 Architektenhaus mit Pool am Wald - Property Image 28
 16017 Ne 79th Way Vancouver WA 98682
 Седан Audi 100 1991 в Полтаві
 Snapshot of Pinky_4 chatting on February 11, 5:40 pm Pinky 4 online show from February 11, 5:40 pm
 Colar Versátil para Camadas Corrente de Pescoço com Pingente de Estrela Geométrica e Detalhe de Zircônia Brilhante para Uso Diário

==

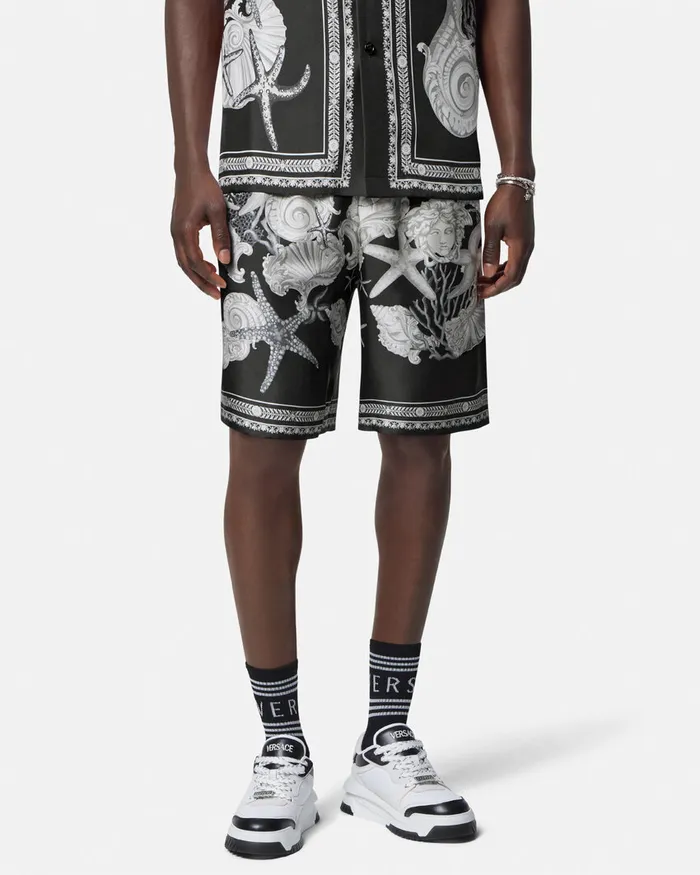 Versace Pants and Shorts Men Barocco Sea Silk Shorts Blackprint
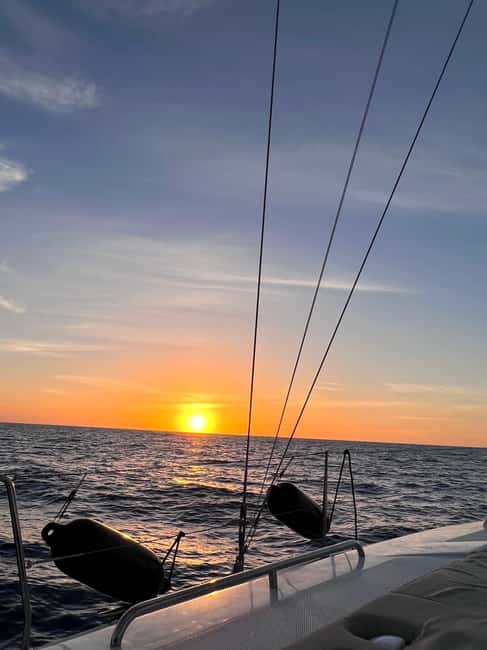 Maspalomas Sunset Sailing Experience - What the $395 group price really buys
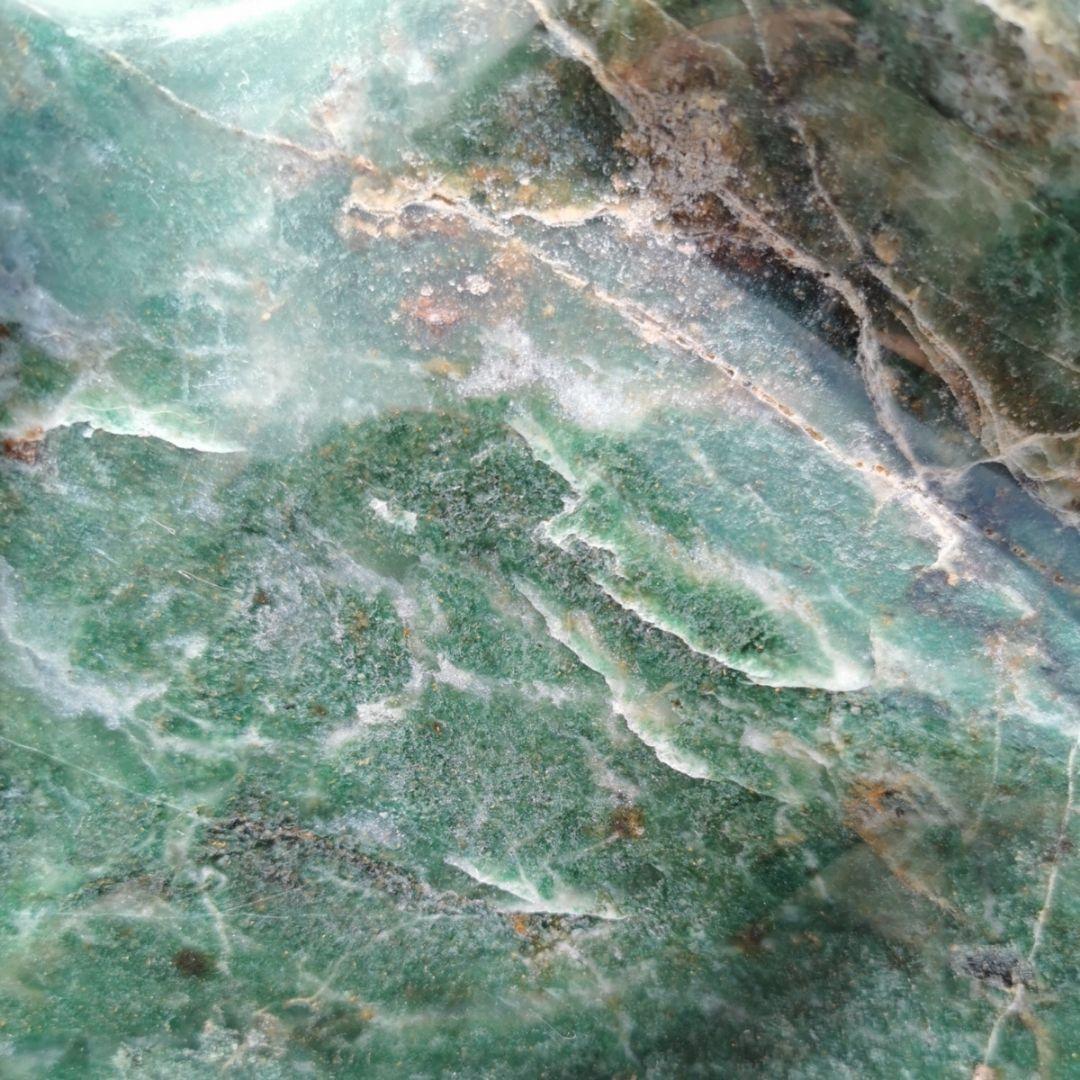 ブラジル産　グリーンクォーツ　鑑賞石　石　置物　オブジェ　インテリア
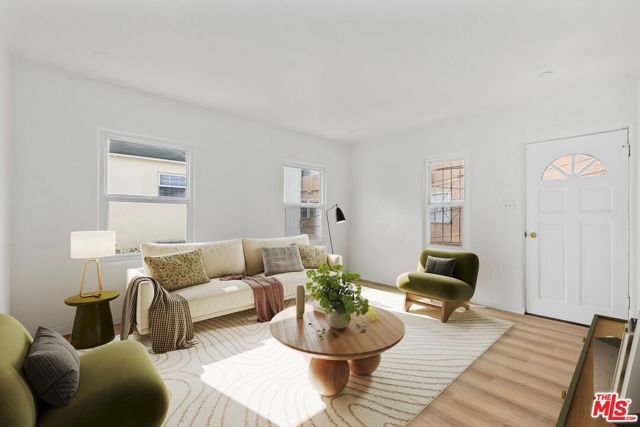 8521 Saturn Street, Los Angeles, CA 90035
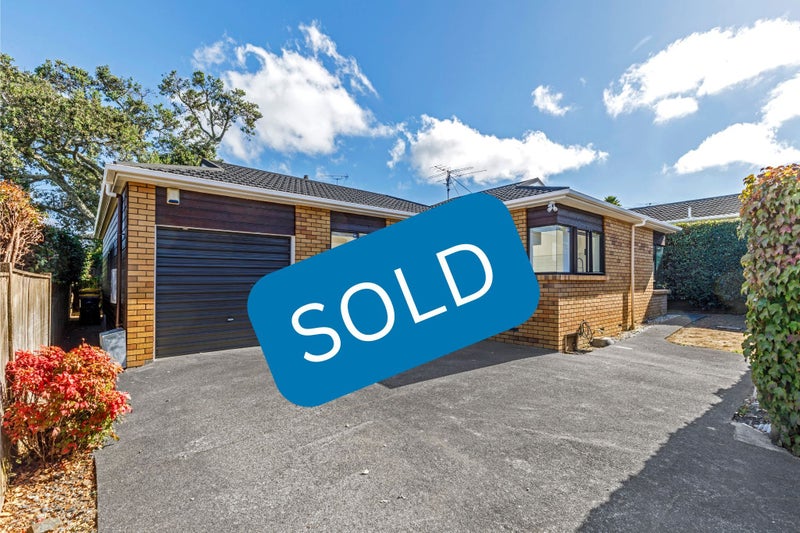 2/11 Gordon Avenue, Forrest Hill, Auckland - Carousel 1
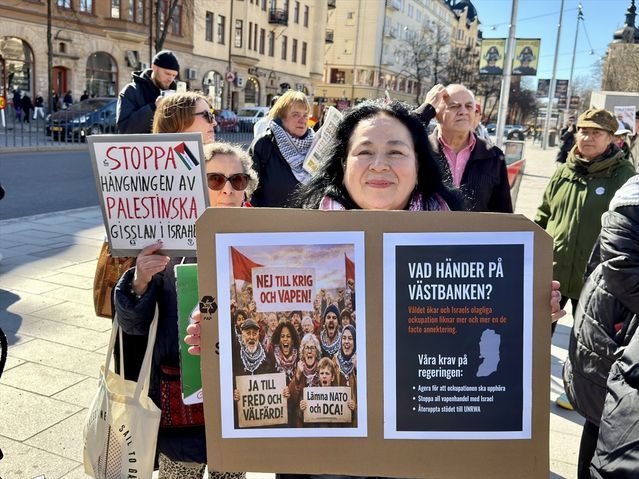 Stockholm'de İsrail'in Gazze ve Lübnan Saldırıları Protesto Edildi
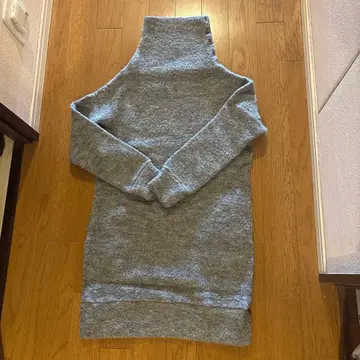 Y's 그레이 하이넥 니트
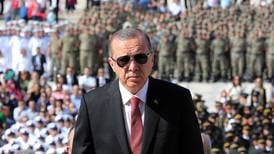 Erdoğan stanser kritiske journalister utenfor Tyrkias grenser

...

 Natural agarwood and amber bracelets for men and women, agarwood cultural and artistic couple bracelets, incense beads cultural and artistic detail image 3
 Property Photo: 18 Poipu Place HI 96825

● **WHAT THE EXERCISE ASKS**
Find the word "Property" in the records. Copy every line it appears in.

● **TASK SOLUTION**
 Architektenhaus mit Pool am Wald - Property Image 28
 Property Photo: 18 Poipu Place HI 96825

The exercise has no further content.